Was hältst Du eigentlich von den ganzen neuen Bands, die mittlerweile Euren Musikstil kopieren und Humppa-Musik spielen?

Wenn sie ihre Sache gut machen, machen sie eben ihre Sache gut, und wenn nicht, dann halt nicht. Es hat keinen großen Einfluss auf das, was wir tun. Insofern ist es mir egal, was sie machen.

Okay, dann würde ich gerne auf die anstehenden Tours zu sprechen kommen. Im April werdet Ihr zusammen mit SWALLOW THE SUN, MOONSORROW und SURVIVORS ZERO auf US-Tour gehen. Worauf freust Du Dich am meisten?

Auf alles! Ich glaube, das wird eine richtig coole Sache. Wir wollten mit MOONSORROW schon seit zehn Jahren auf Tour gehen, was aber bislang nicht geklappt hat, wenn man mal von einzelnen Gigs in Helsinki absieht. SWALLOW THE SUN sind auch tolle Typen, und SURVIVORS ZERO – es wird das totale Chaos (lacht)! Ehrlich gesagt frage ich mich, wer von uns überhaupt wieder heile zu Hause ankommt. (lacht)

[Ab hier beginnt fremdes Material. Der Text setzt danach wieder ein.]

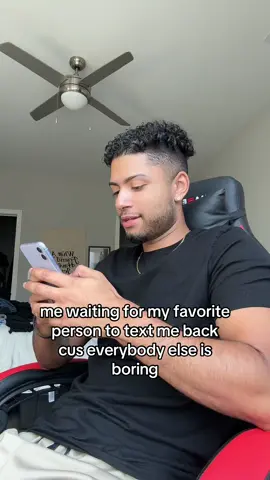 Waiting for that text pookie #tiktok #relatable #viralvideo 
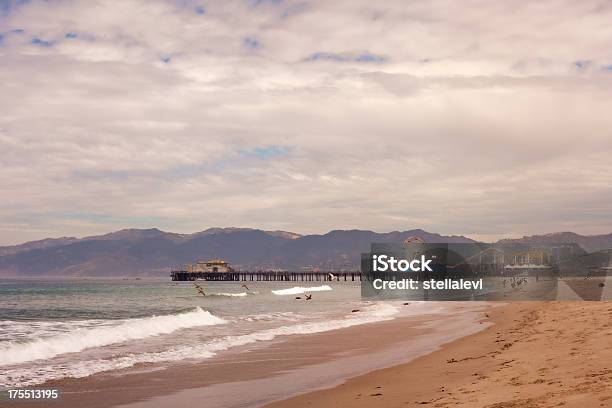 Playa Y Muelle De Santa Monica Foto de stock y más banco de imágenes de Muelle de Santa Mónica - Muelle de Santa Mónica, Agua, Aire libre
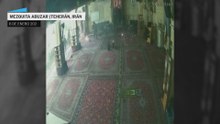 Las imágenes de las cámaras de seguridad del interior de la mezquita Abuzar en Teherán siendo vandalizada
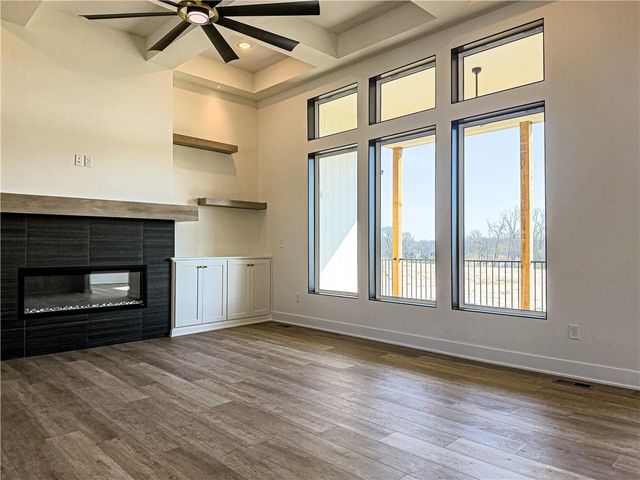 10787 Genesis Drive, Parkville, MO 64152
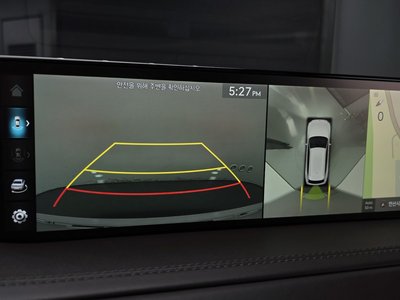 2022 Genesis GV80 thumbnail 15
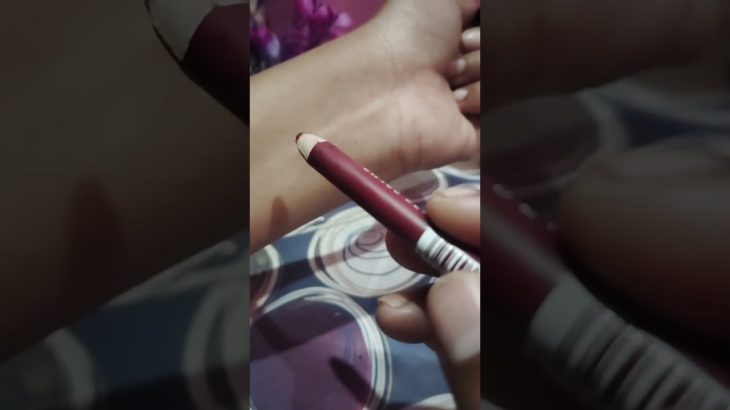 Swiss beauty lip liner #swissbeauty #shorts #ytshorts #liplinerhack  #shortsfeed #makeup#viral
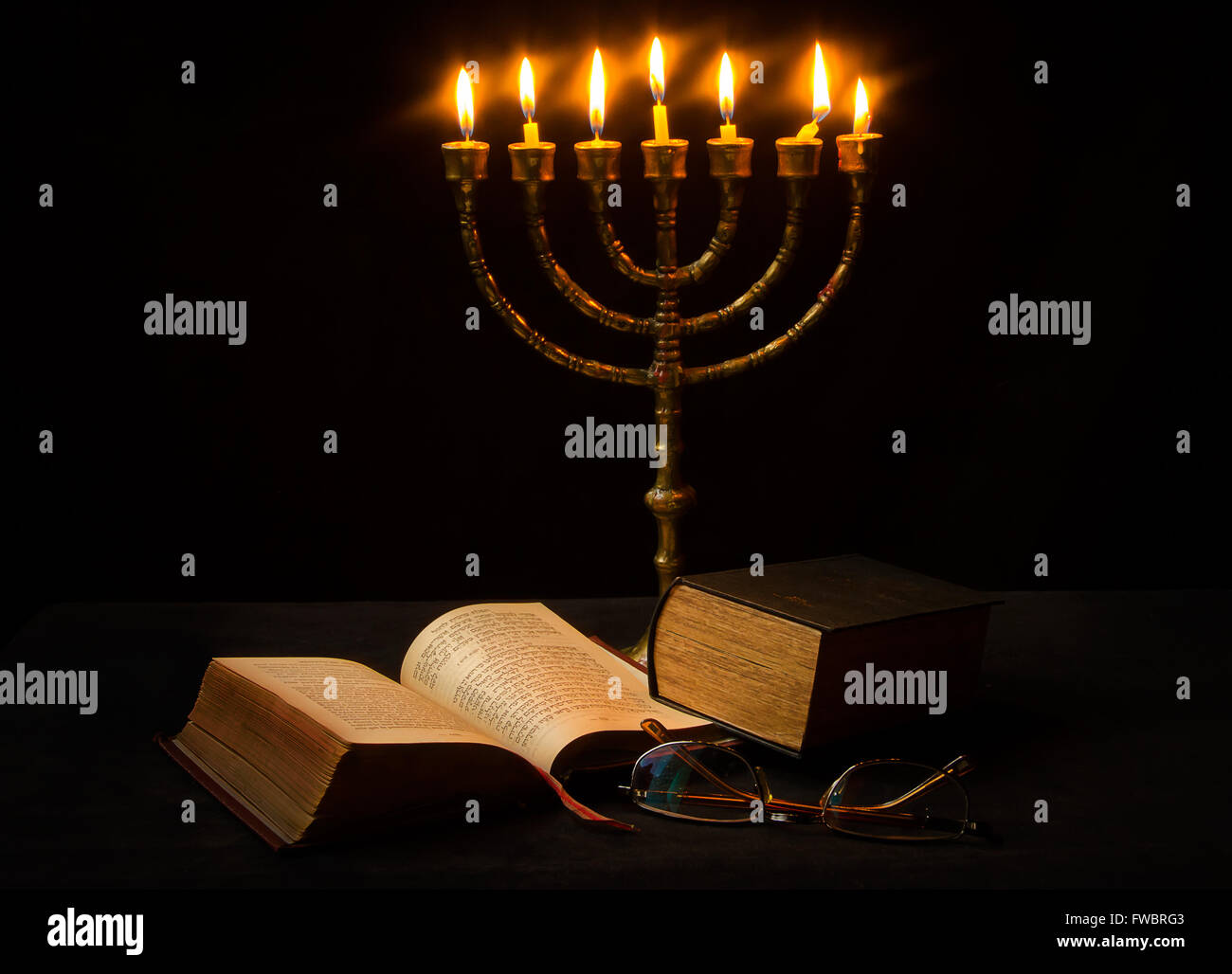 Siete Candelabro De Oro Fotos e Imágenes de stock Alamy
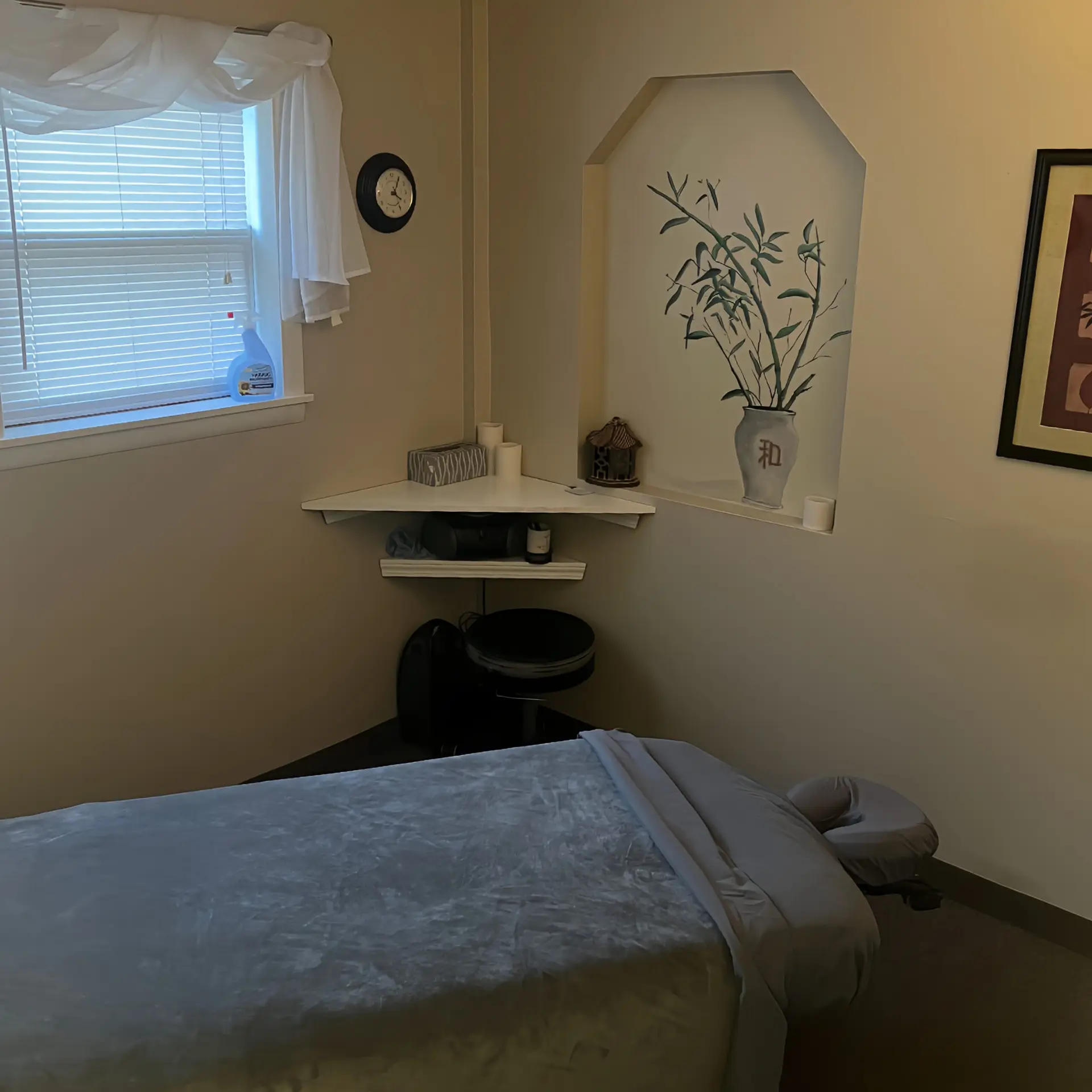 Massage therapy room at Kamego Chiropractic in Almont MI serving Lapeer County patients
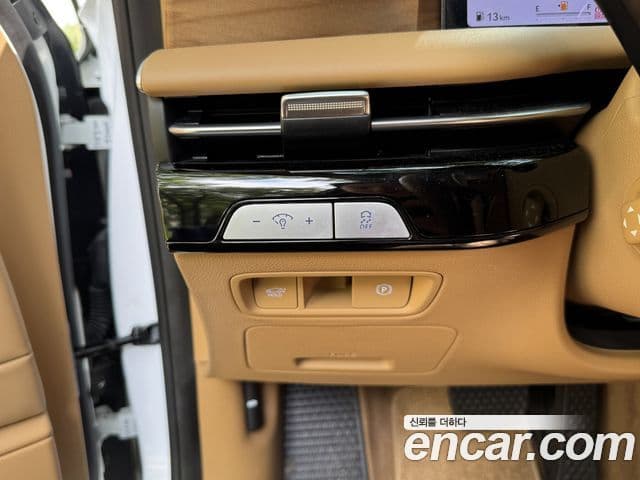 Genesis G80 (RG3) бензин 2.5 турбо AWD, 2025 13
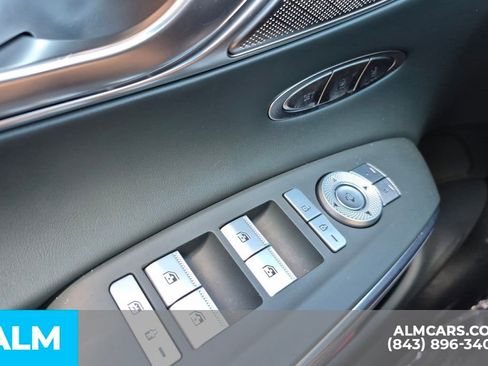 Used 2023 Genesis GV70 2.5T w/ Advanced Package image 40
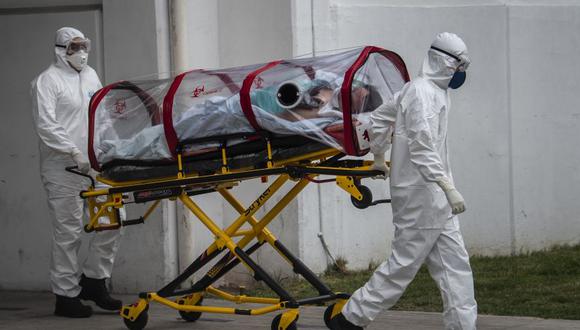 Coronavirus en México | Ultimas noticias | Último minuto: reporte de infectados y muertos domingo 24 de mayo del 2020 | Covid-19 | Los paramédicos de la Cruz Roja llevan a un paciente sospechoso de estar infectado de coronavirus a un hospital. (Foto: PEDRO PARDO / AFP)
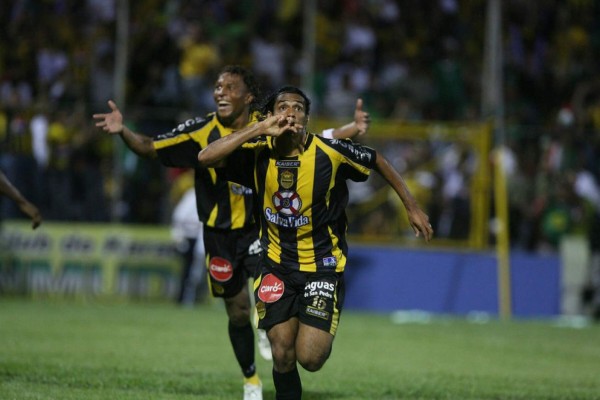 Las imágenes inolvidables de los clásicos entre Marathón y Real España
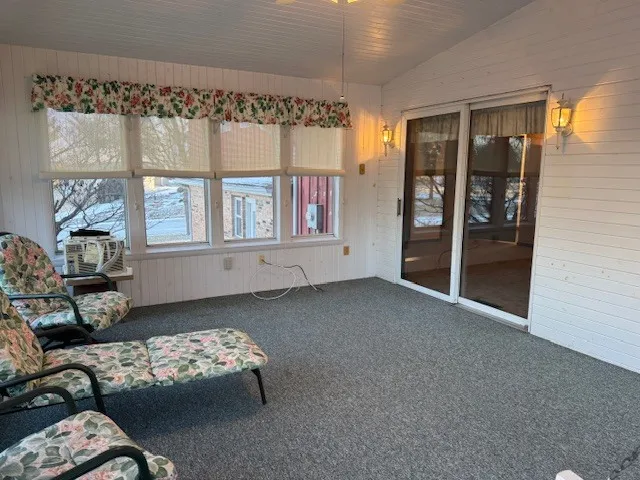 $299,000 | 8 Pine Ridge Lane, Geneseo, IL 61254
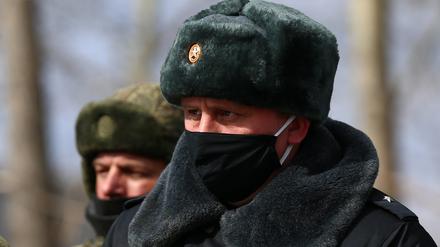 Präsident Wladimir Putin bringt einen Einsatz der Armee im Kampf gegen das Virus ins Spiel. 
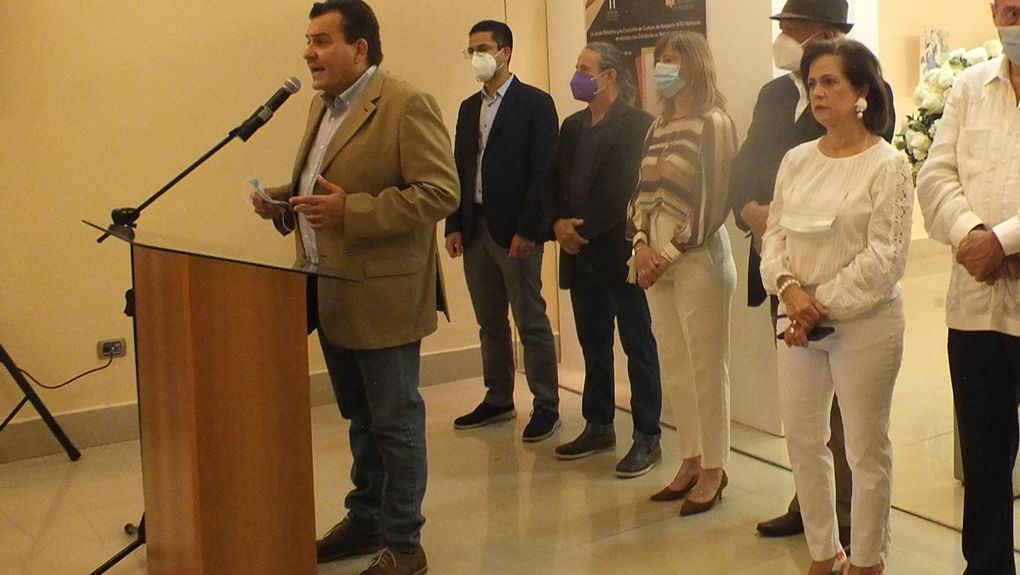Mirian Perales expone sátira de José Rafael Pocaterra en imágenes y en honor a Valencia en el Hesperia WTC 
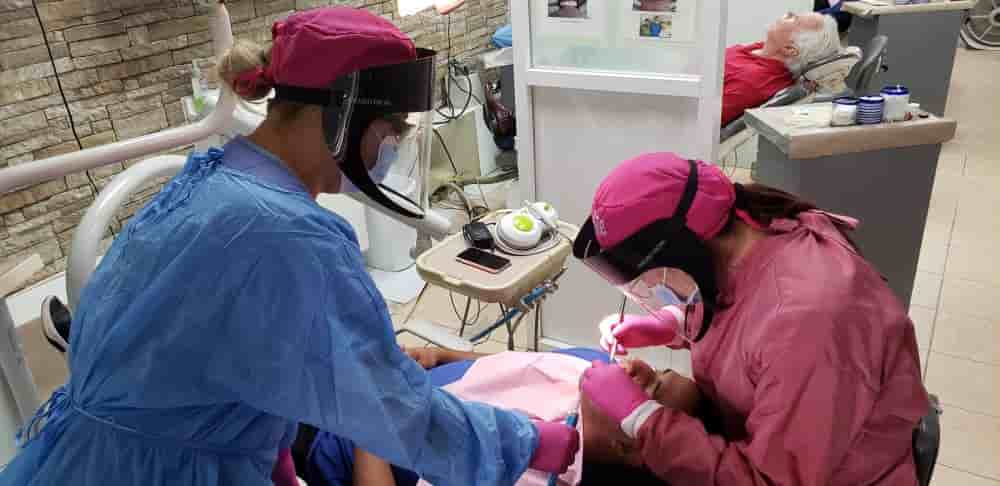 Dental Artistry & World Dental Center in Nuevo Progreso, Mexico Reviews from Real Patients Slider image 5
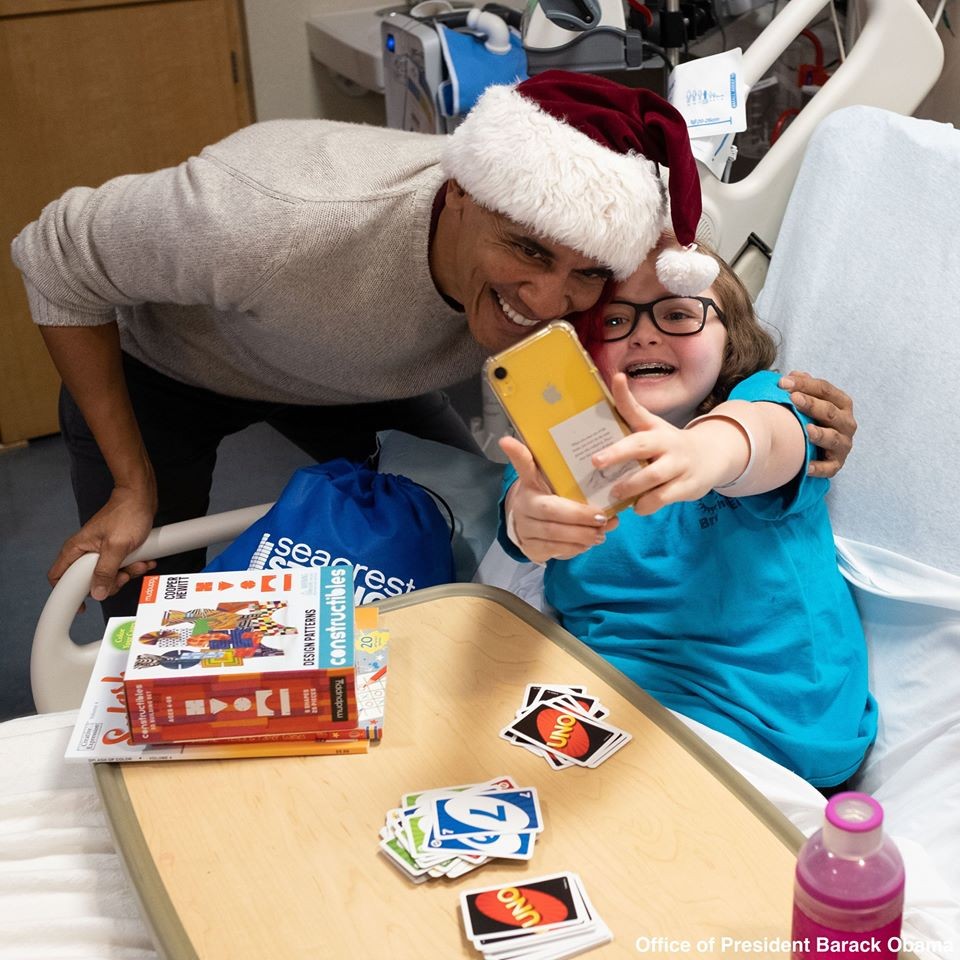 Photos: Barack Obama surprises patients at the Children?s National Hospital in Washington, D.C with Christmas gifts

Schade, dass Ihr mit diesem Package nicht in Europa tourt…

Na ja, wir spielen aber die Paganfest-Tour, unter anderem mit ELUVEITIE, die einfach arschnett sind.

Letzte Frage: Auf den neuen Promofotos seid Ihr diesmal mit spitzen Gummiohren zu sehen. Wer von Euch hat die längsten Ohren?

Ich glaube… das bin ich.

Wirklich?

Klar, ich bin schließlich auch der Längste in der Band!